======== MATERIAL FOR THIS TASK ========

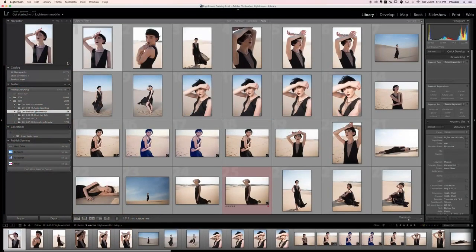Welcome to Section 2: Importing and Basic File Adjustments. In this section we're going to take care of bringing all of our images into Lightroom and then doing some adjustments to make them look as best as they possibly can for the next step.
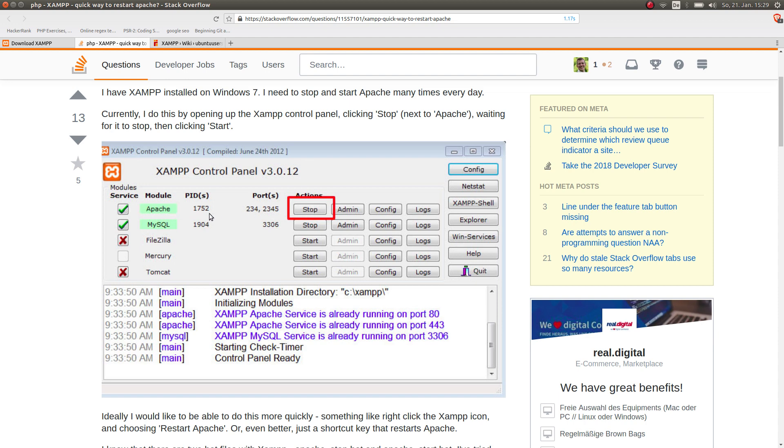When you are on this control panel, you click on start. Here it shows stop because it's already started, but you click on start for the Apache module and the MySQL, which is the database. I'd suggest you just start the Apache web server and the MySQL database both.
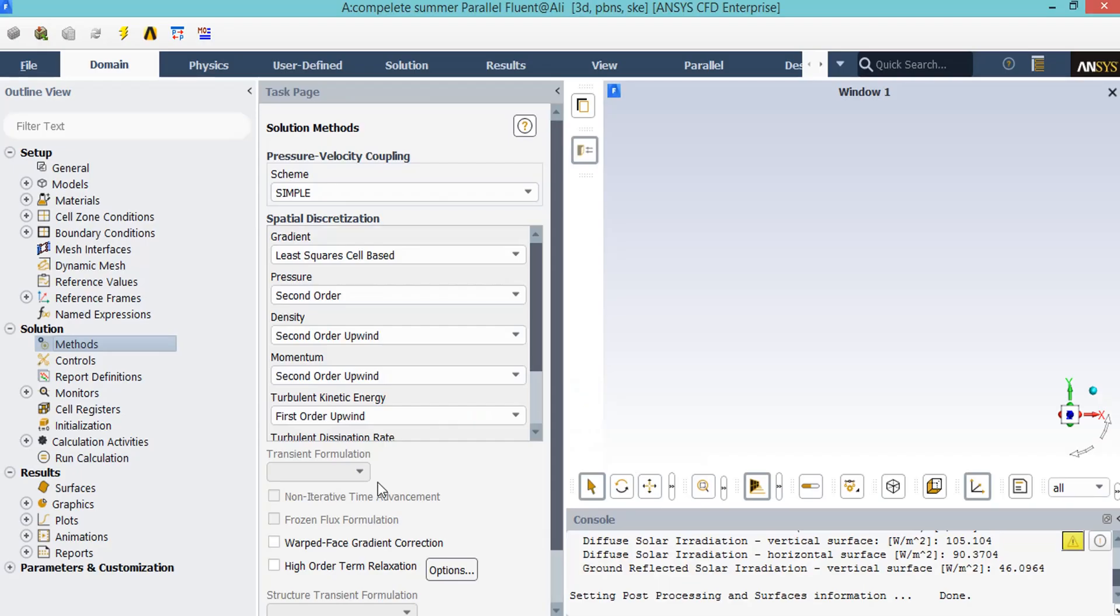And the other options available for each variable under their combo list. And for the simple pressure-velocity coupling, the simple algorithm is kind of an iterative solver which uses a relationship between velocity and pressure correction to enforce mass conservation and to obtain the pressure field.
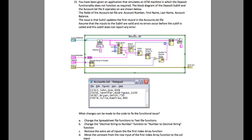If you look into the code very carefully, first of all the Index Array is returning the first column and then the fourth column. It is then checking for the account number, and finally when the account number is found, using that index the balance is being calculated.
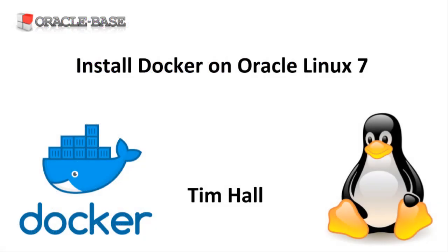As always there are links to articles containing lots more information about this subject in the description box below.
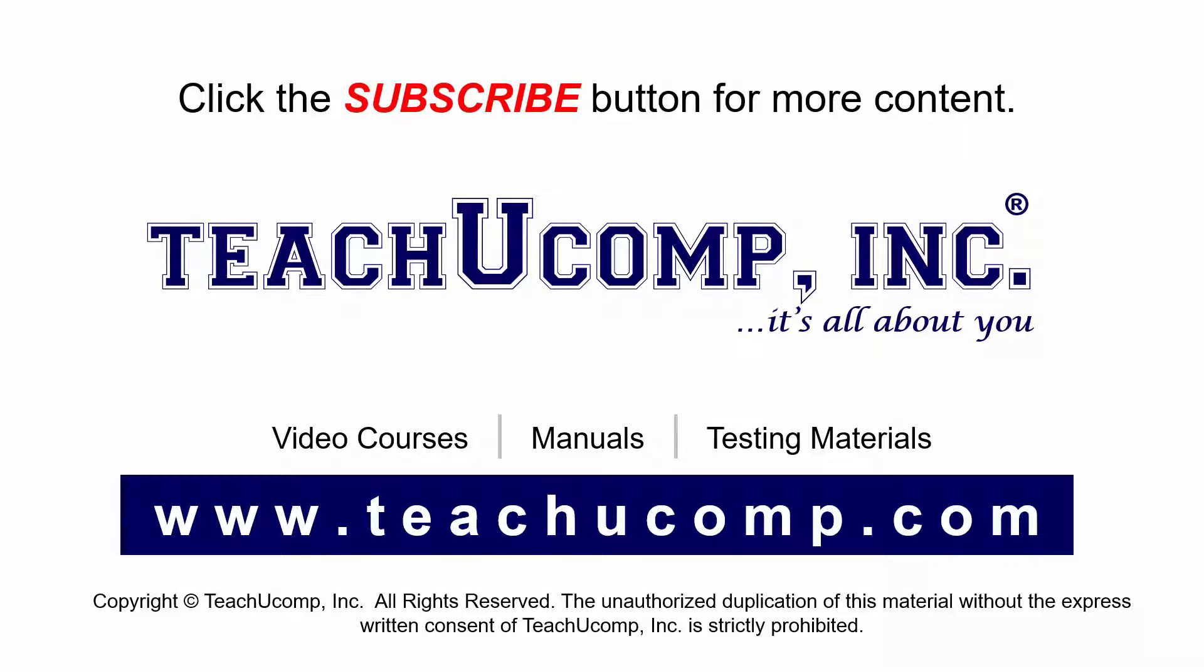If you like our video, click the subscribe button to subscribe to our channel and get easy access to new content. To see our full suite of ad-free video courses and training materials, visit us at teachucomp.com.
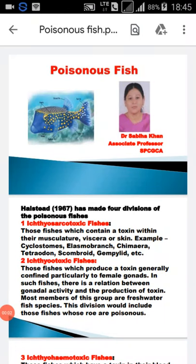Good morning students. Today we are going to study about poisonous fishes. Myself, Dr. Sabia Khan, Associate Professor, Samrat Prithira Chauhan Government College, Ajmer.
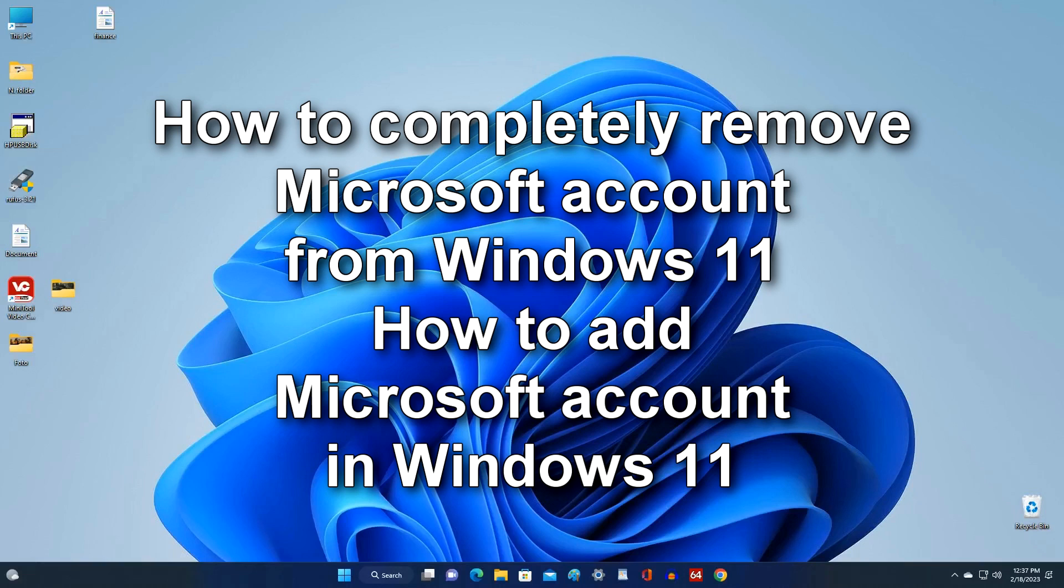Hello everyone, my name is Itmaliq. Thanks for visiting my YouTube channel. In this video, I'm going to show you how to add and completely remove a Microsoft account from Windows 11.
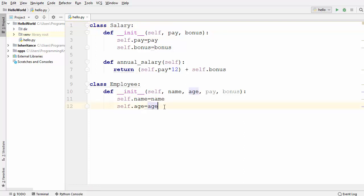But whose salary is this? This salary belongs to the employee. So we know we cannot use inheritance here, but we can use a concept called composition. Composition means that we are delegating some responsibility from one class to another class.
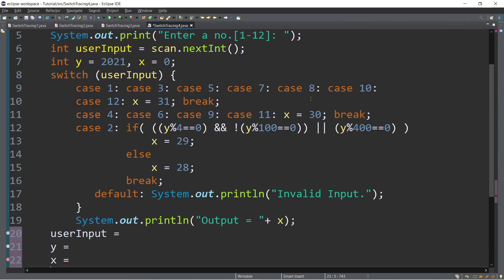Now let's try another example. Let's first analyze this one — we have cases inside the switch: case one, three, five, seven, eight, ten, and twelve. After case twelve we encounter the break and assignment statement, so for inputs one, three, five, seven, eight, ten, twelve the value of x is 31. For inputs four, six, nine, eleven the value of x is 30. If the input is two, we go to case two and execute its statement. This program actually asks you for a number representing a month — for example, eight is August. If the year is 2021, this program finds the number of days in that month. August has 31 days; April, June, and November have 30 days. The program also determines if the year is a leap year, since February can have 28 or 29 days.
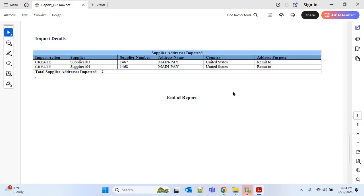This is how we can import the supplier address using the FBDI process and use the callback integration. If you like this video, please hit the like button and share it within your circle. If you have any doubts or suggestions, put them in the comment section, and do subscribe to our channel. Thank you.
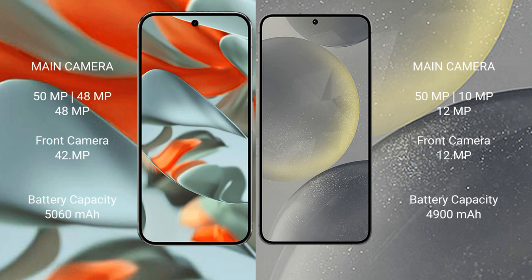Google Pixel 9 Pro XL features a triple camera setup with 50 MP main camera plus 48 MP telephoto and ultrawide cameras. Samsung Galaxy S24 Plus has a triple camera setup with 50 MP main, 10 MP telephoto, and 12 MP ultrawide cameras.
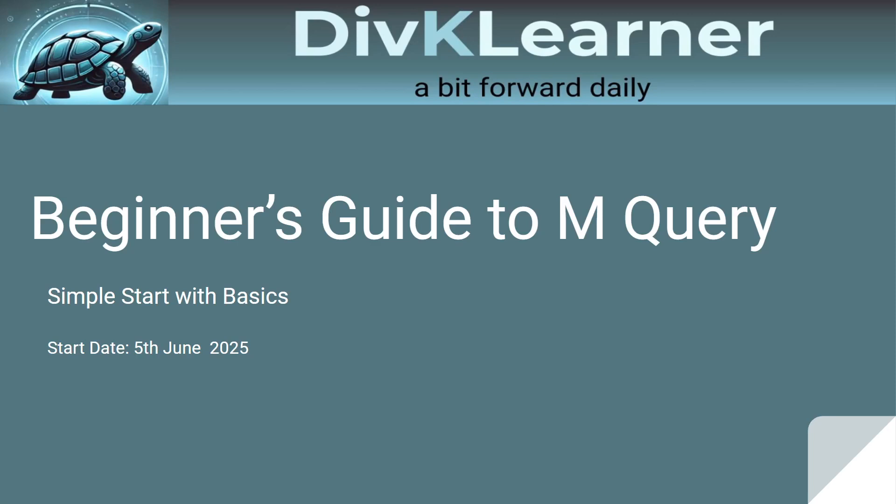Hello everyone, welcome back to day 6 of Beginner's Guide to Power Query, simple start with basic. I'm Dev K. Learner and the motto is a bit forward daily. Today is an exciting step. We are going to merge queries and begin building our data model. This is where your Power BI journey begins, truly meaningful.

========

• WORK TASK: In your answer, repeat the material above in full, exactly, and without its pictures.

• YOUR RESPONSE:
Welcome to Section 2: Importing and Basic File Adjustments. In this section we're going to take care of bringing all of our images into Lightroom and then doing some adjustments to make them look as best as they possibly can for the next step.
When you are on this control panel, you click on start. Here it shows stop because it's already started, but you click on start for the Apache module and the MySQL, which is the database. I'd suggest you just start the Apache web server and the MySQL database both.
And the other options available for each variable under their combo list. And for the simple pressure-velocity coupling, the simple algorithm is kind of an iterative solver which uses a relationship between velocity and pressure correction to enforce mass conservation and to obtain the pressure field.
If you look into the code very carefully, first of all the Index Array is returning the first column and then the fourth column. It is then checking for the account number, and finally when the account number is found, using that index the balance is being calculated.
As always there are links to articles containing lots more information about this subject in the description box below.
If you like our video, click the subscribe button to subscribe to our channel and get easy access to new content. To see our full suite of ad-free video courses and training materials, visit us at teachucomp.com.
Good morning students. Today we are going to study about poisonous fishes. Myself, Dr. Sabia Khan, Associate Professor, Samrat Prithira Chauhan Government College, Ajmer.
Hello everyone, my name is Itmaliq. Thanks for visiting my YouTube channel. In this video, I'm going to show you how to add and completely remove a Microsoft account from Windows 11.
But whose salary is this? This salary belongs to the employee. So we know we cannot use inheritance here, but we can use a concept called composition. Composition means that we are delegating some responsibility from one class to another class.
Now let's try another example. Let's first analyze this one — we have cases inside the switch: case one, three, five, seven, eight, ten, and twelve. After case twelve we encounter the break and assignment statement, so for inputs one, three, five, seven, eight, ten, twelve the value of x is 31. For inputs four, six, nine, eleven the value of x is 30. If the input is two, we go to case two and execute its statement. This program actually asks you for a number representing a month — for example, eight is August. If the year is 2021, this program finds the number of days in that month. August has 31 days; April, June, and November have 30 days. The program also determines if the year is a leap year, since February can have 28 or 29 days.
This is how we can import the supplier address using the FBDI process and use the callback integration. If you like this video, please hit the like button and share it within your circle. If you have any doubts or suggestions, put them in the comment section, and do subscribe to our channel. Thank you.
Google Pixel 9 Pro XL features a triple camera setup with 50 MP main camera plus 48 MP telephoto and ultrawide cameras. Samsung Galaxy S24 Plus has a triple camera setup with 50 MP main, 10 MP telephoto, and 12 MP ultrawide cameras.
Hello everyone, welcome back to day 6 of Beginner's Guide to Power Query, simple start with basic. I'm Dev K. Learner and the motto is a bit forward daily. Today is an exciting step. We are going to merge queries and begin building our data model. This is where your Power BI journey begins, truly meaningful.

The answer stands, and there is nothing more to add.